The model ships quantized at about 173 MB (tar.gz; 182 MB uncompressed
model.onnx), about 3× smaller than the fp32 build (518 MB tar.gz / 556 MB
uncompressed) and lossless on accuracy: UD Perseus test scores are unchanged
within ±0.02 (UPOS 97.0 / UFeats 96.0 / lemma 94.3 / UAS 90.2 / LAS 85.6). The recipe
is weight-only int8 (onnxruntime MatMulNBits, block 128, symmetric) plus fp16 on
everything else, keeping activations at fp32 by design. Full int8 (quantized
activations) collapses the GreBerta encoder (its activation outliers do not survive
8-bit quantization, dropping UPOS from 97 to 16–32 and LAS from 86 to 1–13), so the
weight-only recipe is the one that ships the size win at no accuracy cost. It requires
onnxruntime ≥ 1.23 (the [neural] floor); the fp32 model stays available at the
grc-joint-v2 release for reproducibility.
The trade-off is CPU throughput: the int8 kernels run several times slower than
fp32 on this workload, roughly 20–70 words/s quantized versus roughly 300
words/s fp32 on the development machine (sentence-length dependent). Unlike the
accuracy figures, throughput is hardware-dependent and illustrative, not a pinned
benchmark: it scales with the CPU, core count, and workload, so read it as an
order-of-magnitude guide. It is re-measured only when the model or the onnxruntime
floor changes, not automatically per release.
The shipped neural pipeline, gold-tokenized, on both UD test folds:
from aegean import greek
greek.use_neural_pipeline()
greek.evaluate_on_ud("perseus", "test") # {'upos': …, 'ufeats': …, 'lemma': …, 'uas': …, 'las': …, 'xpos': …}
greek.evaluate_on_ud("proiel", "test") # out of domain
greek.evaluate_on_nt() # whole Nestle 1904 NT (≈1 h on plain CPU)
greek.bootstrap_ud("perseus", "test") # percentile CIs, 999 resamplesFrom the shell (pip install "pyaegean[cli,neural]"):
aegean greek eval ud --fold perseus --split test --neural
aegean greek eval ud --fold proiel --split test --neural
aegean greek eval nt --neuralThe offline-baseline rows and the held-out generalization numbers reproduce with the
pure-Python backends and greek.evaluate_tagger() / greek.evaluate_lemmatizer() /
greek.evaluate_parser(). The full aegean greek eval target table and the
evaluation functions are documented on
Greek NLP. These
targets are heavy: they fetch gold data and may train, so run them only to reproduce
a number.
The accuracy tables on this page are Greek NLP metrics. The Aegean syllabic scripts are scored differently: Linear B and Cypriot carry Greek-reading bridges, but Linear A and Cypro-Minoan are undeciphered, so there is no gold reading to score a "translation" against and pyaegean never presents one as fact. Their tooling is measured by corpus-fidelity and round-trip invariants (documented on Linear A, Cypriot, and Limitations), not by an accuracy percentage.

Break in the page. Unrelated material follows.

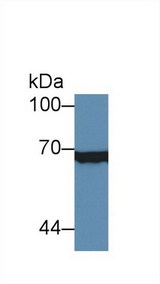 XRCC6 / Ku70 Antibody - Western Blot; Sample: Human Hela cell lysate; ;Primary Ab: 3µg/ml Rabbit Anti-Mouse XRCC6 Antibody;Second Ab: 0.2µg/mL HRP-Linked Caprine Anti-Rabbit IgG Polyclonal Antibody;(Catalog: SAA544Rb19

docs/benchmarks.md in the repository is the canonical, registry-pinned source
for every number on this page. Each published figure is stored in training/results/published-claims.json;
tests/test_benchmark_claims.py asserts the docs (and their README and wiki echoes)

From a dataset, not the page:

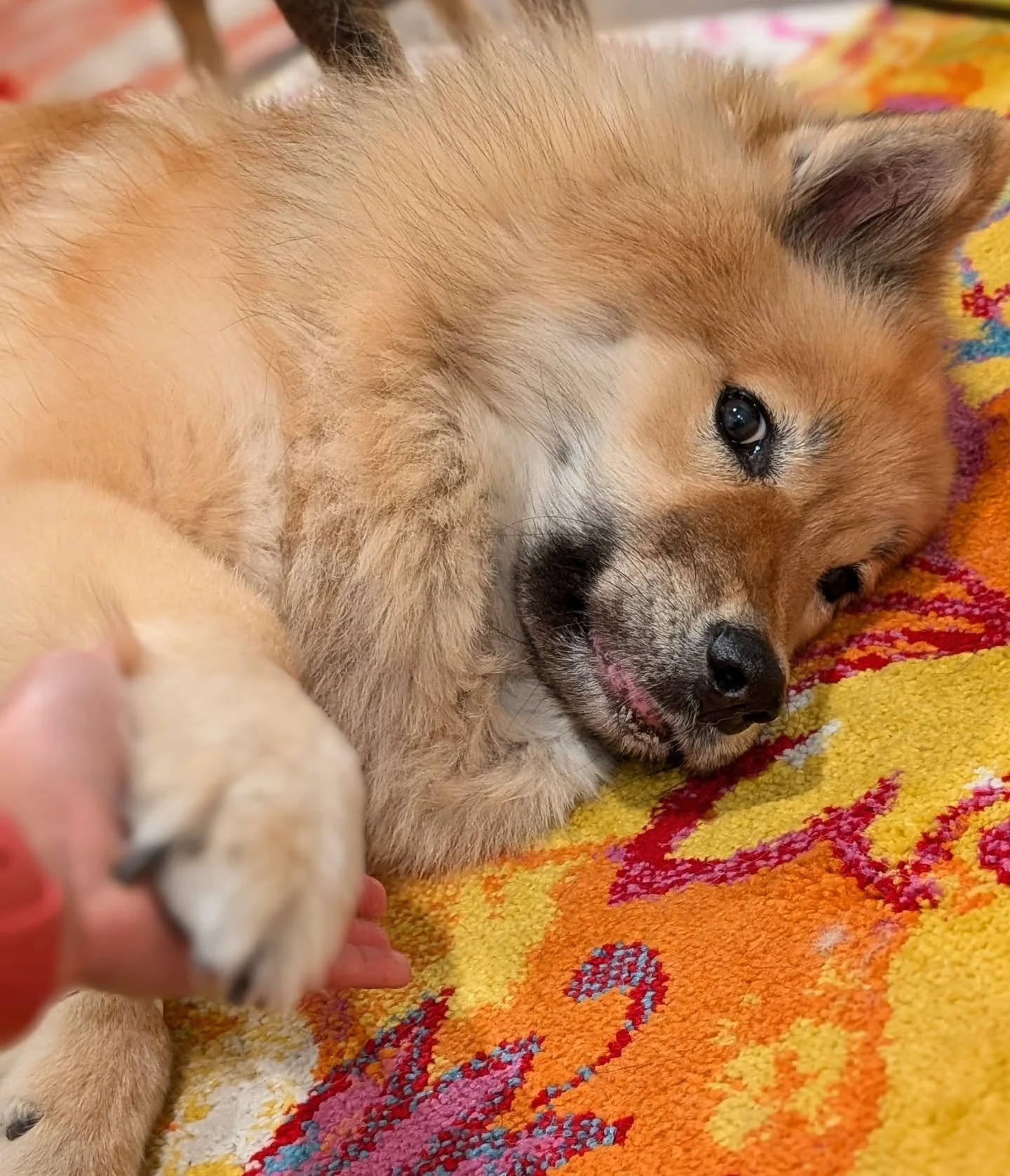 Lili was diagnosed with high-grade mammary adenocarcinoma with metastasis following a surgery to remove a mammary tumor last week. We're booked with an oncologist in a couple weeks to explore further treatment options, but it's looking like our days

carry exactly those values per commit and offline, so a documented number cannot drift
without the registry, and scripts/check_benchmarks.py --measure re-runs the
offline-stack rows against it. A legitimate re-measure updates the registry, the docs,
and the evidence file in a single commit.

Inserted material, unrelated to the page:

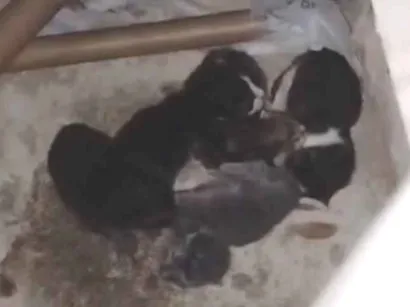 Gato raça SRD-ViraLata idade Abaixo de 2 meses nome Gatinhos de rua (sem nome)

For the surrounding detail, see the Methodology notes, the evaluation tooling and reproduction targets on Greek NLP, the reproducibility and "reproduce or challenge the number" stance on For Specialists, the data licences and provenance of every fetched fold and model on Data and Provenance, and the honest scope of each component on Limitations.